Le Times mentionnait à l’époque un fait qu’aucun critique contemporain n’a jugé bon de signaler. «Le problème», soulignait le journal, pouvait être attribué à la soumission du gouvernement marocain, le 29 mai 1981, «aux pressions persistantes du Fonds monétaire international, qui au début de cette année a prêté au Maroc 1,2 milliard de dollars pour améliorer sa balance des paiements en déclin et pour ‘restructurer’ sa dette extérieure alarmante ». En réponse aux exigences du FMI, le gouvernement «a radicalement changé la vie de la plupart des Marocains: le prix du beurre a été augmenté de 76 pour cent, de la farine de blé de 40 pour cent, du sucre de 37 pour cent et de l’huile de cuisine de 28 pour cent. Le FMI avait insisté pour que le gouvernement réduise les subventions alimentaires ».

Le Times notait que

Près des deux tiers des 3,5 à 4 millions d'habitants de Casablanca vivent dans des cabanes en tôle ou en terre ou dans d'autres habitations improvisées. Cette année, la pire sécheresse depuis plusieurs décennies a poussé chaque jour environ 1 200 paysans pauvres à quitter la campagne pour chercher refuge chez des proches. La ville connaîtrait une croissance de 5,2 pour cent par an. L'appel à la grève du 20 juin a été le prétexte qui a déclenché la colère accumulée dans la ville.

Asmae El Moudir

L'un des voisins de la famille Moudir, Said Masrour, a participé au tournage. Il a passé plus de 13 ans en prison pour son rôle dans les manifestations.
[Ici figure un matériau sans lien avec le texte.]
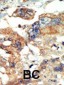 PI4KCB Antibody (N-term)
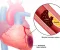 Heart Attack: Symptoms, Causes, and When It Becomes an Emergency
L'autre voisin impliqué dans la réalisation du documentaire, Abdallah Ez Zouid, un jeune homme en 1981, fut enlevé le 20 juin 1981 par des soldats. Il ne sait toujours pas pourquoi, il n'était pas impliqué dans les émeutes de la faim.

«C’était un samedi», explique Abdallah. «Ma vie s’est terminée ce jour douloureux.» Il se souvient avoir été battu par une rangée de soldats, puis jeté avec d’autres dans une cellule minuscule, «sans ouverture». Au bout de dix minutes, il avait du mal à respirer. «Aidez-moi, aidez-moi!» Abdallah a passé deux heures dans cet enfer. Il a dû ramper sur un tas de corps, d’où montaient de la chaleur et de la vapeur. Il a réussi à sortir et s’est effondré. Un soldat lui a demandé de l’aider à sortir les corps, 36 d’entre eux, comme des carcasses de moutons. Il a dit au soldat: «Tuez-moi si vous voulez», mais il n’a pas voulu le faire. «Je ne veux plus me souvenir de ça. Ils m’ont détruit.»

Si La Mère de tous les mensonges ne contenait que cette seule séquence, le film vaudrait la peine d’être vu.